Currently, Los Angeles does not have a local hiring ordinance in effect, but the implementation of the Far Chance Initiative for Hiring this summer is a step in that direction. Based on previous enactments elsewhere in the nation, local hiring ordinances have been favorably looked upon by municipal governments.
Since 2011, San Francisco has had a local hiring ordinance in place for city contract construction projects over $600,000 or on public land. The ordinance requires contractors to have at least 30 percent of their work hours, per each trade, performed by residents of San Francisco. In addition, at least half of the 30 percent must be enrolled in an apprenticeship program.
Before 2011, contractors only had to make a "good faith effort" to hire 50 percent of their workforce from local areas.

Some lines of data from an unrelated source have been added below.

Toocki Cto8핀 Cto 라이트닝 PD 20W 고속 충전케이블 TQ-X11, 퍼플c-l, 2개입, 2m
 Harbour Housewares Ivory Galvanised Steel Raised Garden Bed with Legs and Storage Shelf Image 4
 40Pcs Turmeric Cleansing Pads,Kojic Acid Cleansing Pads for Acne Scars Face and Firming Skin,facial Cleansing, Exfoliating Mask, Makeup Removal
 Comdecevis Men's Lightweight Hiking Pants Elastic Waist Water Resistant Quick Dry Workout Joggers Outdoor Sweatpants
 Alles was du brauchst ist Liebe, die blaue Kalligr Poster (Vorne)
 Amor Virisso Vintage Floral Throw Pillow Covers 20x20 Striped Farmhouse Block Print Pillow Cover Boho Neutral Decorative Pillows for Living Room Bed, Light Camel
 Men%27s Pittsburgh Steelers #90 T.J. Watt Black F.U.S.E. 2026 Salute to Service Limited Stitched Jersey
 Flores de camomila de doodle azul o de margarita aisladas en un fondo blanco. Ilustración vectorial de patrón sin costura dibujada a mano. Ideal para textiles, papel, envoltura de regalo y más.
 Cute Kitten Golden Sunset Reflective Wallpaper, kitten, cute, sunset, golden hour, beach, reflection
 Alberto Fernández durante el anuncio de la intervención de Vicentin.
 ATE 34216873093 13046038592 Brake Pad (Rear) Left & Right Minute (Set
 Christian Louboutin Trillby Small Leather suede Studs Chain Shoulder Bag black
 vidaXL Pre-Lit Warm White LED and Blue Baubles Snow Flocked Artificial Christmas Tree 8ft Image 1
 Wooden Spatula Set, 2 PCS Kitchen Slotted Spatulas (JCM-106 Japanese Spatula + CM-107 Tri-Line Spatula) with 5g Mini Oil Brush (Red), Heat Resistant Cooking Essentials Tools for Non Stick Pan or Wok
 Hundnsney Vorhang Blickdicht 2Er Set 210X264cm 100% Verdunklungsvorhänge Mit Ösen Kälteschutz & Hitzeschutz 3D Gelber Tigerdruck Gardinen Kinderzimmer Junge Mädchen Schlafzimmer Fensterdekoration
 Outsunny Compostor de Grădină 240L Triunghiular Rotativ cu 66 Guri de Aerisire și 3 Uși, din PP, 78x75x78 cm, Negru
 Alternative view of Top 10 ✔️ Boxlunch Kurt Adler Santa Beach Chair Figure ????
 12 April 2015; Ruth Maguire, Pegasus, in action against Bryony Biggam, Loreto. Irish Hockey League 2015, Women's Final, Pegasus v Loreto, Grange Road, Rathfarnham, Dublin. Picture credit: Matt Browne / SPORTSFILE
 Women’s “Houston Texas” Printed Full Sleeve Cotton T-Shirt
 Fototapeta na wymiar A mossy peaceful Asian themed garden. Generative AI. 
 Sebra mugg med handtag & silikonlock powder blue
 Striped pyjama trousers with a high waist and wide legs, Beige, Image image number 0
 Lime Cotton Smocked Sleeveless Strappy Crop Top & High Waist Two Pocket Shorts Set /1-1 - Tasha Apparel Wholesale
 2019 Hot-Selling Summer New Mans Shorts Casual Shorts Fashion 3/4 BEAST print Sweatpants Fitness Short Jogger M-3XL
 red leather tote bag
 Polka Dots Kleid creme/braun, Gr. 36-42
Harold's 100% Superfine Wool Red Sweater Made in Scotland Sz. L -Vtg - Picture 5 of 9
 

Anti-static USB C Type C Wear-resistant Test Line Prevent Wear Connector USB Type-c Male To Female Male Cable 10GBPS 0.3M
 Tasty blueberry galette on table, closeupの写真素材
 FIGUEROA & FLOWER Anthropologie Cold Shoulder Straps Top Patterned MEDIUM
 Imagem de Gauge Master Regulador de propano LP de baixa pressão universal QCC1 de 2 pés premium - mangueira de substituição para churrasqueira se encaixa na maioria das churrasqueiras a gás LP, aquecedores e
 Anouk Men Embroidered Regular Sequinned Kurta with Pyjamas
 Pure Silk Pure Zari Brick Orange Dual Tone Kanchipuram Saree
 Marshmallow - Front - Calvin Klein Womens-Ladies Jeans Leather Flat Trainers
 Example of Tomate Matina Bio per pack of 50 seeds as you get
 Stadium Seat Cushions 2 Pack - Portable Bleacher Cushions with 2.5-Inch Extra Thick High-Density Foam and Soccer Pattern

In order to ensure the ordinance is feasible, the city of San Francisco works provide contractors with qualified employees for each trade. The city targets the ZIP codes of poorer neighborhoods for workers to enter into city-sponsored workforce development programs.
Issues with local hiring requirements
The purpose of local hiring ordinances is to assist low-income individuals to find a job located near their home to promote the local economy. The practice is beneficial for long-term employment positions, such as civil servants. However, by their very nature, construction projects are not long-term and local workers face unemployment once the project is finished. Additionally, tradesmen do not always live in the communities where the construction is taking place, it may be too expensive and then the hiring requirement is in effect for no reason.
In order to balance the cost of sourcing local laborers, contractors can add the labor cost into their bid. Or, if a contractor will not be complying with the hiring ordinance, they may add the penalty for non-compliance into their bid.
Contractors and construction companies seeking work in the Los Angeles area should be on the lookout for any local hiring initiatives as the mid-term elections approach.